The city of Madison is looking to alter what’s in about 110 medians around the city, striking planting beds and bushes in those medians and turning most to concrete or turf grass.
Under the proposal, approximately 110 of the city’s 650 total planted medians would be affected. 62 planting beds would be turned to turf, 27 planting beds would be turned to concrete, and roughly twenty would have some turf intermixed with planting beds.
It’s a change, the city says, that is prompted by financial squeeze. Currently, about a third of the city’s planted medians are maintained by private contractors. Under the city’s current budget, funding to maintain these medians was slashed by almost half – from $165,000 a year to about $86,000.
Greg Fries is the Assistant City Engineer.
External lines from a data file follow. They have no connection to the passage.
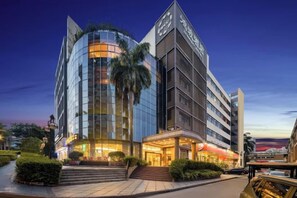 Un hotel moderno con fachada curva, entrada destacada e iluminación exterior.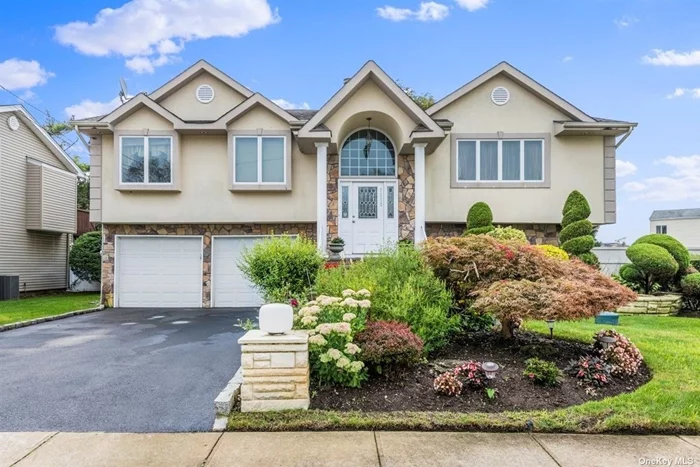 Stunning stucco, stone & vinyl-sided 5 Bdrm, 3Bth extended Hi Ranch w/2, 858 sq ft, just steps from Wynsum Park. Main level features an open EIK, Liv Rm, Formal Dining rm w/Trex deck, ext. main bdrm w/2 WICs, +wall of closets, spa-like skylit en suite bath w/jetted tub & sep. shower, HW flrs on upper level & skylit hall bath. Lower level features ext. family rm w/entertainment, office, & playroom areas, 2 bdrms down, 1 with bath, lrge WIC, cedar closet, 1.5 garage w/storage closet, sep. laundry/utility rm, sliders off den to IG gunnite, marble-dusted, gas-heated pool, surrounded by paver patio & ample areas for dining/entertaining. Andersens, architectural roof, &rsquo;07 CAC, 200 AMPs, pull-down attic, PVC fenced, IGS in front, Weil McLean oil boiler, AG tank, sep. HW heater. Taxes w/current Basic Star = $17, 997 & &rsquo;23 Grievance filed. Zone X: flood insurance not required.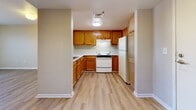 Located at 3280 N Downing St in Denver's Cole neighborhood, this one-bedroom, one-bathroom unit offers a practical and efficiently designed single-floor layout. The open-concept living area flows seamlessly into the kitchen, which features a pass-through counter that connects the two spaces. The kitchen is outfitted with warm oak cabinetry offering generous upper and lower storage, a white range, refrigerator, and a sink, all set on light hardwood-style flooring that extends throughout much of the unit. The living area is carpeted and receives natural light through a window visible from the kitchen pass-through. The bedroom is a well-proportioned, private retreat with a large window that allows ample natural light and views of the surrounding neighborhood, complemented by the same light hardwood-style flooring. Adjacent to the bedroom is a dedicated closet with built-in shelving, providing organized storage. The bathroom is spacious and thoughtfully designed with accessibility in mind, featuring grab bars near the toilet and along the walls, a wood-toned vanity with a white countertop, and matching hardwood-style flooring. The unit's neutral warm-toned walls throughout create a cohesive and inviting atmosphere.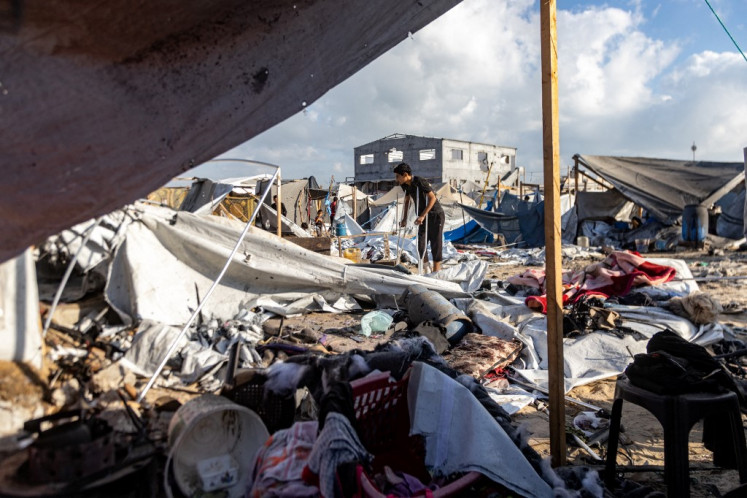 A man walks with crutches on Tuesday as he inspects the scene in the aftermath of overnight Israeli bombardment on a camp sheltering displaced people in the Mawasi area of Khan Yunis in the southern Gaza Strip. According to figures from Gaza's health ministry, more than 60,933 Palestinians have been killed in the Palestinian territory after the Israeli army devastated large parts of it in 22 months of combat sparked by the Oct. 7, 2023, cross-border attacks by Hamas that killed 1,219 people and saw hundreds kidnapped.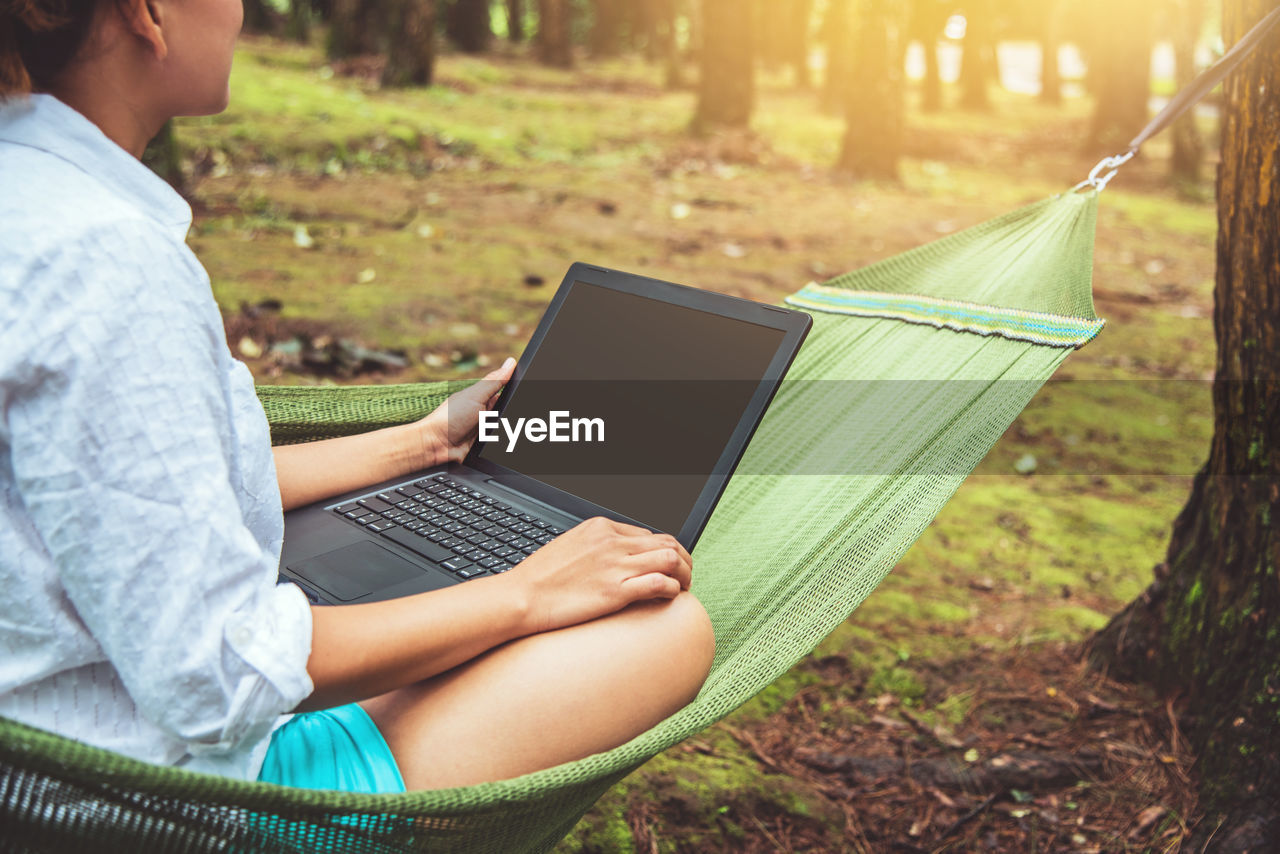 Midsection of woman using laptop while sitting on hammock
He says it’s been harder and harder to get adequate contractors for the job.
Fries tells WORT that in the past five years, it’s been difficult to find more than three contractors to bid on the jobs, which drives up the price. Additionally, for the past three years, at least one contract had to be terminated due to the contractors doing a poor job. All the medians being replaced are ones previously maintained by contractors.
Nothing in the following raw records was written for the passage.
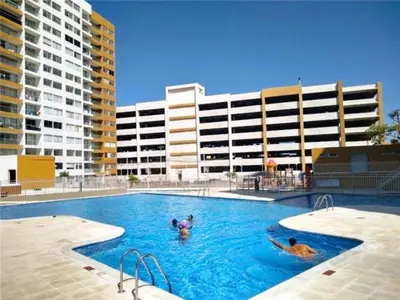 a group of people in a swimming pool with buildings at Apartamentos Condominio Oporto - Cerca a Todo in Barranquilla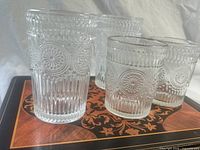 Group of embossed glass tumblers on top of placemat showing pattern and texture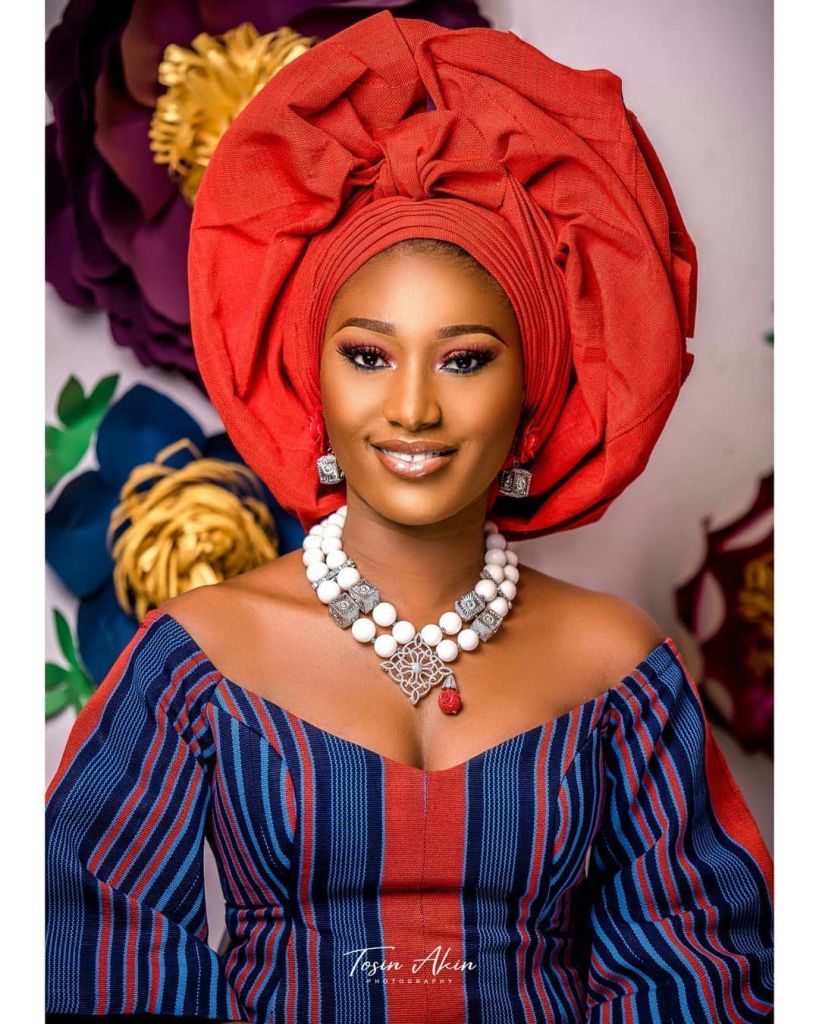 smiling lady wearing dark orange gele
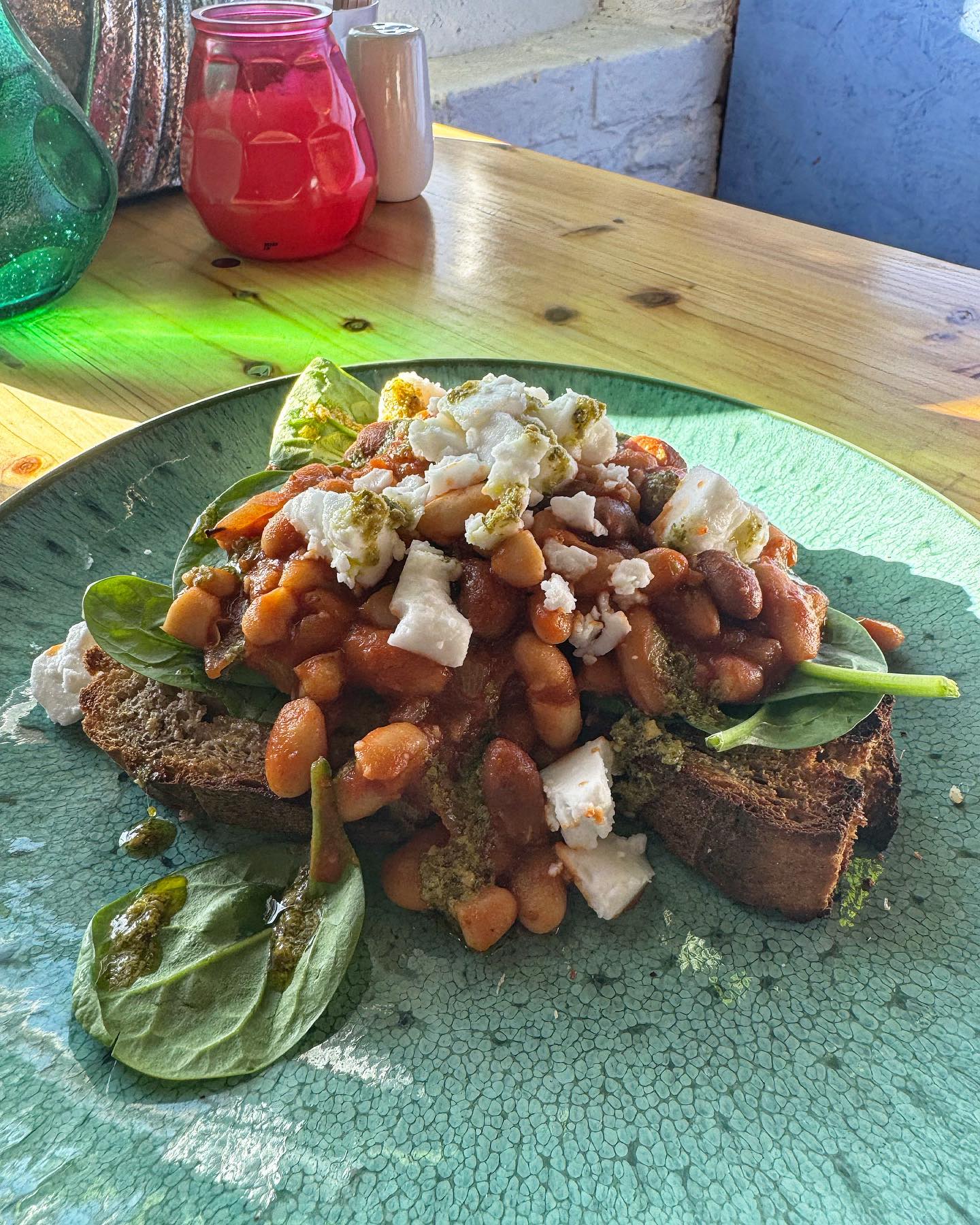 Baked beans and feta on toast with spinach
And Fries says it’s not feasible for the city engineering department to take on that contracting work, either.
“We do not have the staff in house to pick up the slack, and do the work that a contractor has been doing for us. So reducing the operating budget forces a change to how these medians are managed,” Fries says.
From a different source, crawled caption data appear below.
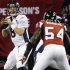 Denver Broncos quarterback Peyton Manning (18) looks for an open receiver against the Atlanta Falcons during the first half of an NFL football game, Monday, Sept. 17, 2012, in Atlanta. (AP Photo/John Bazemore)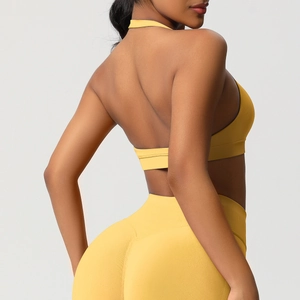 Détail du soutien-gorge de sport licou jaune et du legging taille haute montrant le dos nu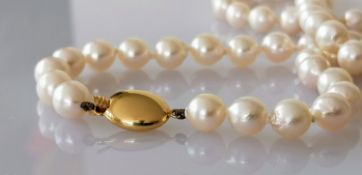 A mid-century necklet comprising fifty-four round/off-round cultured pearls, 7mm to 7.3mm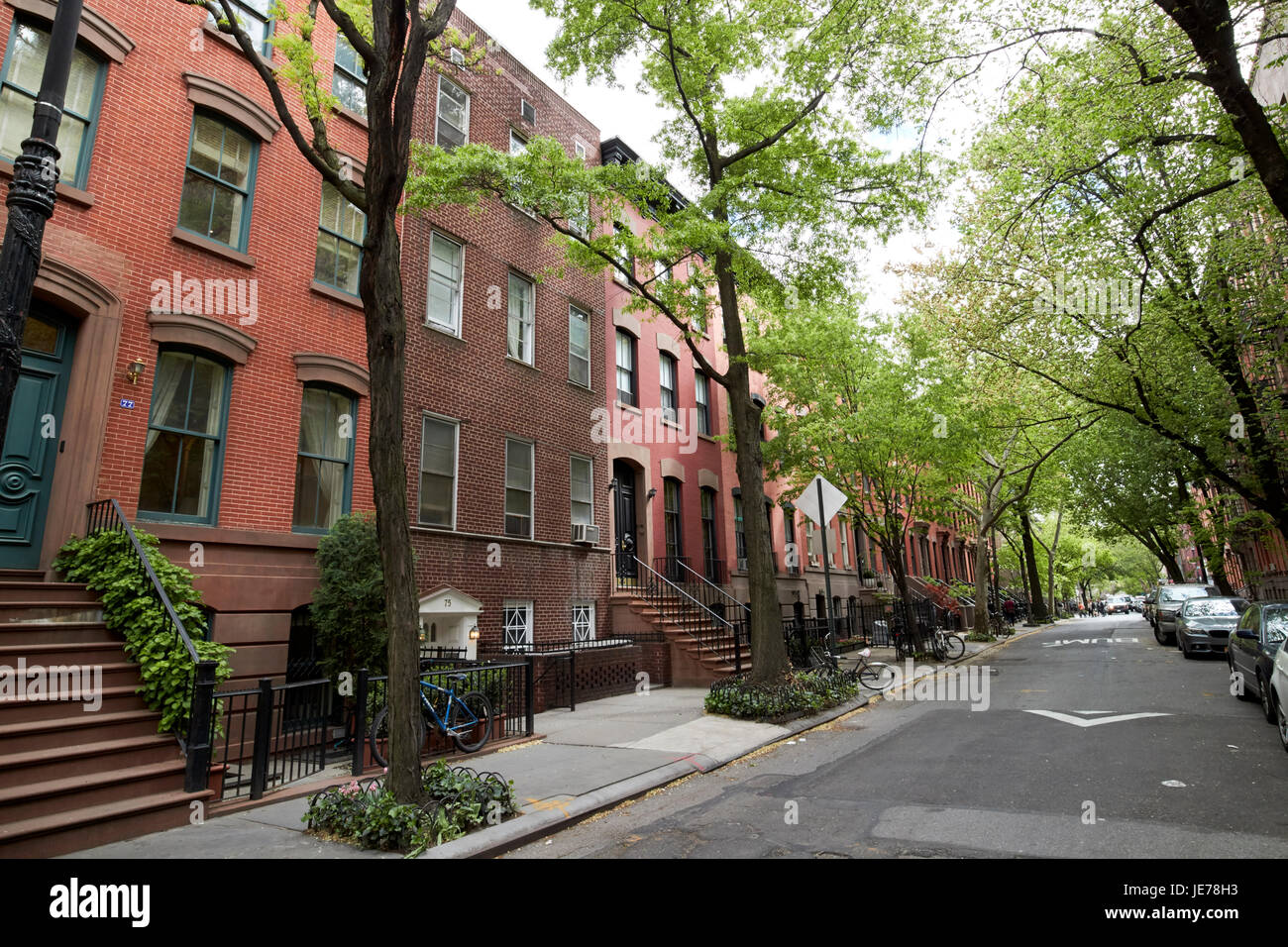 Reihenhäuser aus rotem Backstein auf Charles Street Greenwich Village, New York City USA Stockfoto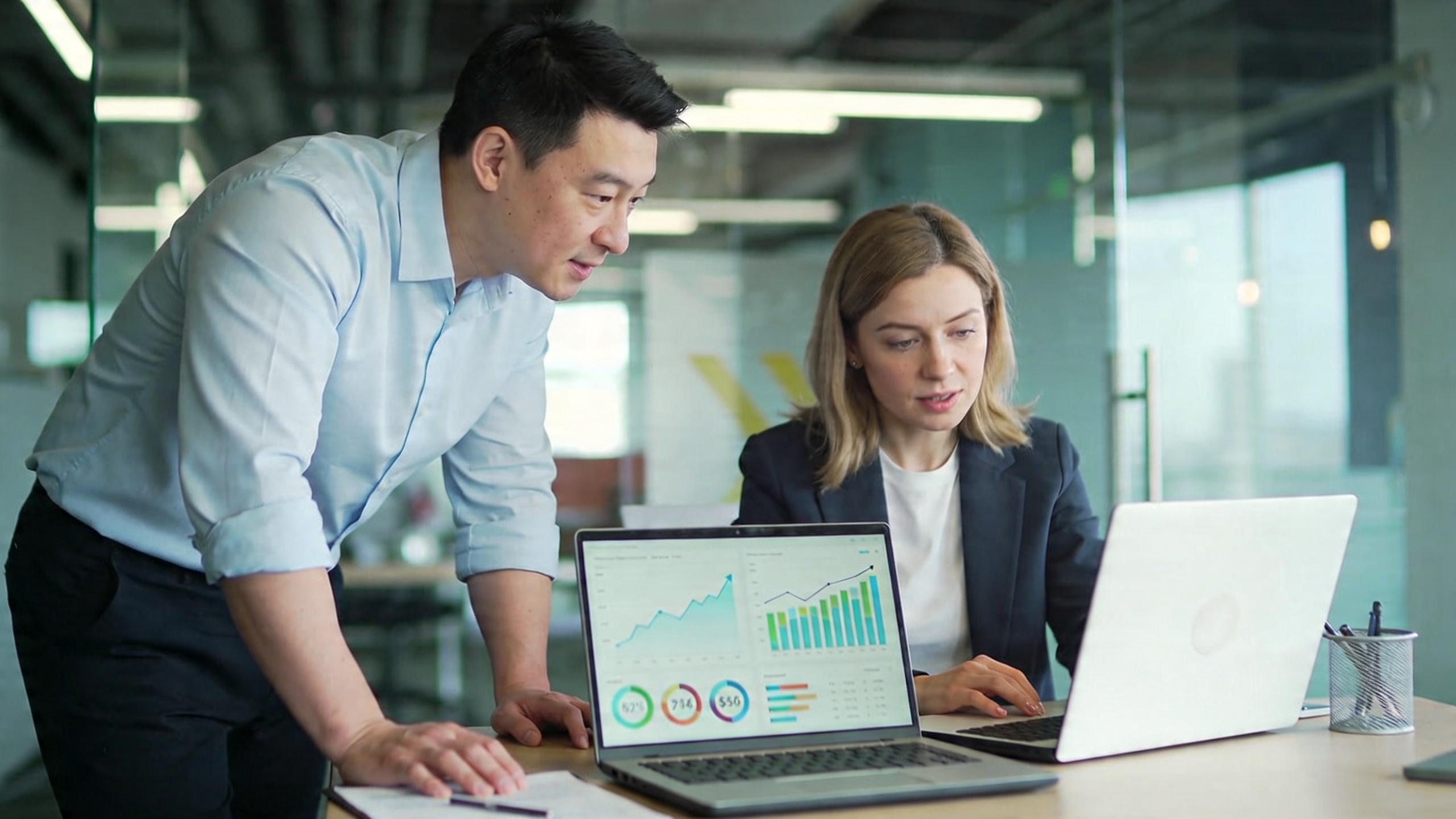 Coach homme et femme collaborant sur un ordinateur portable affichant des outils d'analyse de données marketing, avec des graphiques de croissance et des chiffres positifs, ambiance de travail dynamique et moderne, style photo éditorial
Still, under the proposal, about 100 of the medians would remain under private contract.
Many of the impacted medians are in high traffic areas, such as on Packers Avenue and East Washington Avenue. Those are especially tricky to maintain, Fries says, because the e city usually will have to close lanes around the median in order for them to do their work. It’s also why the city won’t allow these medians to be used in the Adopt-a-Median program. They say it is just too dangerous to have volunteers working in these medians.
Not everyone is on board with the proposal, though. Alder Brian Bedford represents portions of East Washington, where some of the medians would be converted. He says that, while he recognized East Washington is dangerous, he thinks the dangers associated with the medians are overblown.
“I always appreciate a nod for safety, but let’s be honest, people cross our streets and crosswalks. Adults who are taking on the volunteering can manage the safety issues,” Bedford says.
Bedford adds that trees and plant life in the medians could help slow traffic.
Keith Furman is Common Council President, and the sole sponsor on the amendment. He says that the rollout of information about the plan was the biggest issue.
“Communication is a big issue. I don’t think that, when it was released, there was the explanation of why and where this was going to take place. I think initial reports made it seem like it was going to be much larger than it actually is,” Furman says.
The amendment was introduced by the city Engineering Division last month, and the city finance committee has already passed a motion to recommend the amendment to the full council. The amendment will go before the Common Council at their meeting next Tuesday.